Quantification of viral integrations was performed as previously described.⁵³ Briefly, gDNA was isolated from BM, SP, and thymus from LV-GT-treated mXLA mice at endpoint analysis. Primer/probe sets were used to normalize cell DNA content. In mouse cells, a murine β-actin primer/probe set (Invitrogen) was used. In human cells, an RNase P primer/probe set was used (Invitrogen). A Gag-specific primer/probe set was used to amplify viral integrations from murine cells using forward primer (5′-GGAGCTAGAACGATTCGCAGTTA-3′), reverse primer (5′-GGTTGTAGCTGTCCCAGTATTTGTC-3′), and probe (5′-[6FAM]-ACAGCCTTCTGATGTTTCTAACAGGCCAGG-[BHQ1]-3′). A primer-binding site (PBS)/Gag-specific primer/probe set was used for determining VCNs in human cells using forward primer (5′-ACTTGAAAGCGAAAGGGAAAC-3′), reverse primer (5′-CACCCATCTCTCTCCTTCTAGCC-3′), and probe (5′-[6FAM]-AGCTCTCTCGACGCAGGACTCGGC-[BHQ1]-3′). Viral integrations were quantified relative to a standard curve: gDNA from an A20 murine B cell line with six copies of integrated LV, or the human NALM6 B cell line harboring single LV integration.
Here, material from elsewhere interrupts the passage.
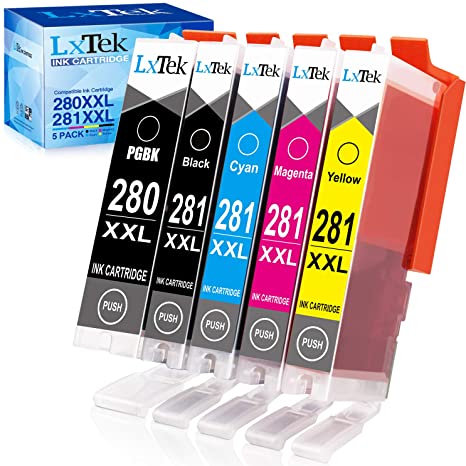 LxTek Compatible Ink Cartridge Replacement for Canon PGI-280XXL CLI-281XXL PGI 280 XXL CLI 281 XXL use with PIXMA TR8520 TS9120 TR7520 TS6120 TS8120 (1 PGBK 1 Black 1 Cyan 1 Magenta 1 Yellow, 5-Pack)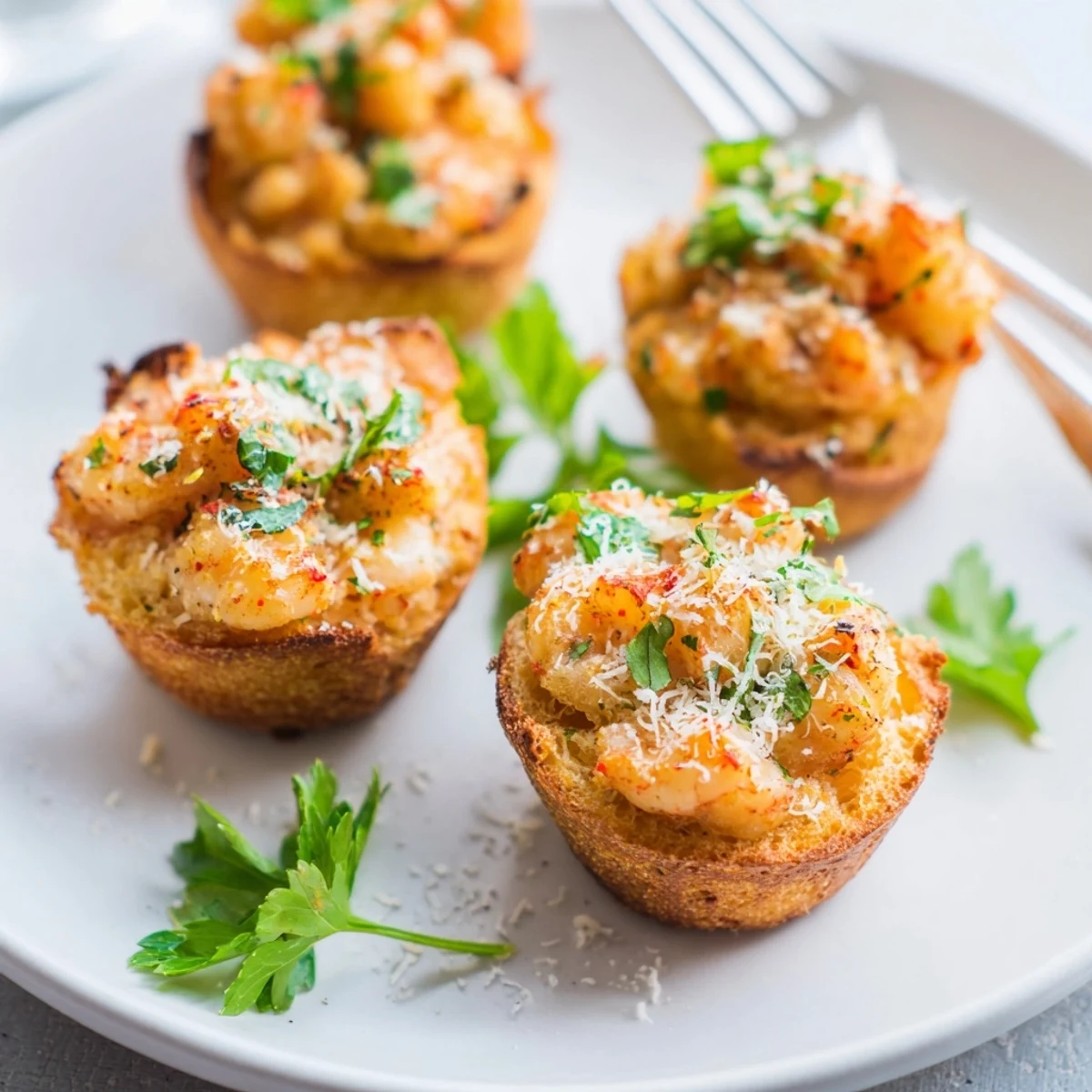 Savory Shrimp Parmesan Toast Cups with garlic, perfect for easy entertaining or snacks.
Human stem cell transduction

Collection and use of human cells were conducted according to protocols approved by the Institutional Review Boards of the National Institutes of Health (XLA patient BTK V535F; protocol 05-I-0213) and the SCRI (XLA E589G; protocol FH7649). CD34⁺ peripheral blood stem cells (PBSCs) from XLA patient BTK V535F were a gift from Harry Malech. XLA patient BTK E589G was G-CSF-mobilized and leukapheresed at the Seattle Cancer Care Alliance. Immediately following collection, CD34⁺ cells were enriched by a CliniMACS column (Miltenyi Biotec) and viably frozen by the Co-operative Center for Excellence in Hematology (CCEH) at the Fred Hutchinson Cancer Research Center (Seattle, WA, USA). CD34⁺ PBSCs from G-CSF-mobilized healthy donors were purchased from the CCEH. CD34⁺ PBSCs were thawed and cultured in human HSC media for 48 h. Then, cells were resuspended to a cell density of 1 × 10⁶ cells/mL in human HSC media with 4 mg/mL Polybrene (MilliporeSigma), and then cultured for 24 h with various MOIs of 0.7UCOE.BTKp.coBTK (titer, 4 × 10⁹ viral particles [vp]/mL) in duplicate wells of a 96-well plate. After 16 h, media with LV were removed and cells were resuspended in fresh human HSC media at 1 million cells/mL. 20,000 cells were divided and transferred to two 35-mm cell culture plates containing 1.1 mL of human MethoCult semi-solid culture media (STEMCELL Technologies). After incubation for 1 week, CFU colonies were collected with PBS, gDNA extracted using the DNeasy mini kit (QIAGEN, Germantown, MD, USA), and then VCNs were determined using ddPCR.

Statistical analysis

Statistical analyses were performed using GraphPad Prism (GraphPad, San Diego, CA, USA). p values were determined using the one-way ANOVA and the Sidak’s or Tukey’s corrections for multiple comparisons, or the unpaired t test, and are described in the figure legends.